Mar 20, 2015
I am not one for labels but let’s just consider me a baby-gay, or a ‘baygay’ as my American counterparts would call me. I have been dating women for less than a year – so please excuse any clichés.
It’s been a big learning curve, but a mostly happy and exciting one at that. Coming out for me is an ongoing process as it is for many. I am afraid I didn’t throw a big-fat-I’m-gay-party, although it seems like a very good excuse for a shin-dig. I viewed the act itself as more of a step in the individual relationships I held. And I suppose I let people know pretty soon after I had an inkling, for which I will explain my reasoning later.
The first people I ‘came out’ to, were at work.
I recently watched this TED talk in which Morgana Bailey (feature image), a successful Financial HR Exec, came out for the first time to a packed auditorium (including some of her unknowing colleagues) after 16 years of silence.
She references a Deloitte survey that reveals 61% of employees claim to change an aspect of their behaviour or appearance to assimilate into the workplace. And most poignantly for this article, 83% of LGBTQ employees did just that so they wouldn’t appear ‘too gay’.
These facts make me feel unbelievably fortunate to work where I do. I have always avoided conformity, and opting for silence would almost certainly work against my desire to hold my own and adhere to the person that my employers had initially hired.
To quote Morgana, “it wasn’t necessarily a case of hiding the fact that I am gay; the more imposing issue was that I would be hiding who I am and whom I was becoming”.
So down to the numerous events themselves… There was no flinching. There was no awkwardness. It was unbelievably relaxed, and I would say the lack of these preempted reactions are paramount to the self-confidence I hold in myself today. They provided me with a platform to face and overcome the bigger personal hurdles: telling my oldest friends, my parents, and hardest of all, my ex boyfriend.

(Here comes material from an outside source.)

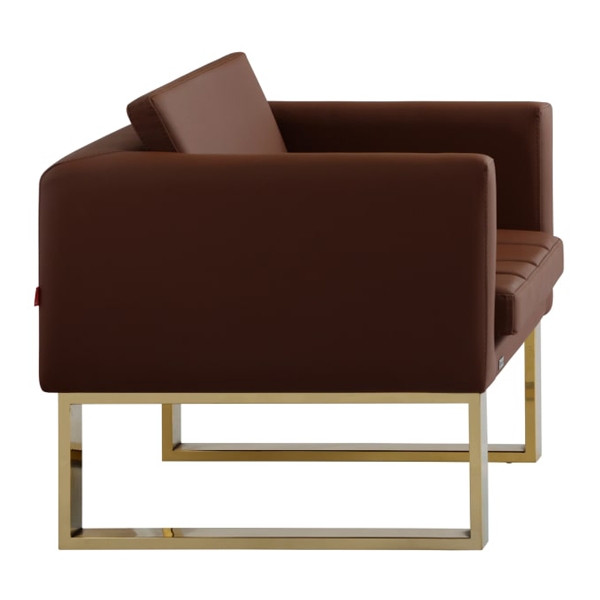 مبل اداری یک نفره با روکش چرم قهوه‌ای و پایه طلایی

I take a lot of pride in my professional work, and knowing the direct correlation between my personal situation and my performance, I saw silence could act as a threat to the latter. It’s an alien feeling to hold back information that makes you happy, and like any foreign emotion – it takes up a fair amount of energy to digest and decipher. That energy could be spent addressing everyday conundrums. And in the longer term it should be spent on my professional progression and ultimate development into a more valued member of the organisation.
I completely appreciate that industries differ hugely in their ways of culture and social expectancies. And being in a less corporate and creative industry, where freedom of expression and the importance of buying into people rather than a processed service, is held paramount, I cannot deny that this has stood me in good stead. Integrity is a quality that is valued in any walk of life, and I feel that this in itself cannot be ignored when weighing up whether to speak.
Don’t get me wrong, I do get asked the slightly irksome ‘what do you label yourself as,’ ‘sooo… are you more into girls now?’ and occasionally I will parrot the same rather tedious answers back. But this is nothing to complain about. My integrity is still held intact, and in my eyes, that is all that matters.
Each case is different of course, but what I can take from my experience is that I could not imagine spending most of my waking hours in a workplace which is not characterised by inclusion. After all, the very value of diversity includes all talent. Who doesn’t want to work with the best cats around? Both of these values should be at the heart, rather than on the fringes, of an organisation’s internal ethos.
My colleagues are totally accountable for this continually positive path I skate along. Meanwhile, I will carry on with my ambitions of Adland domination and the hunt for the Friday hangover cure.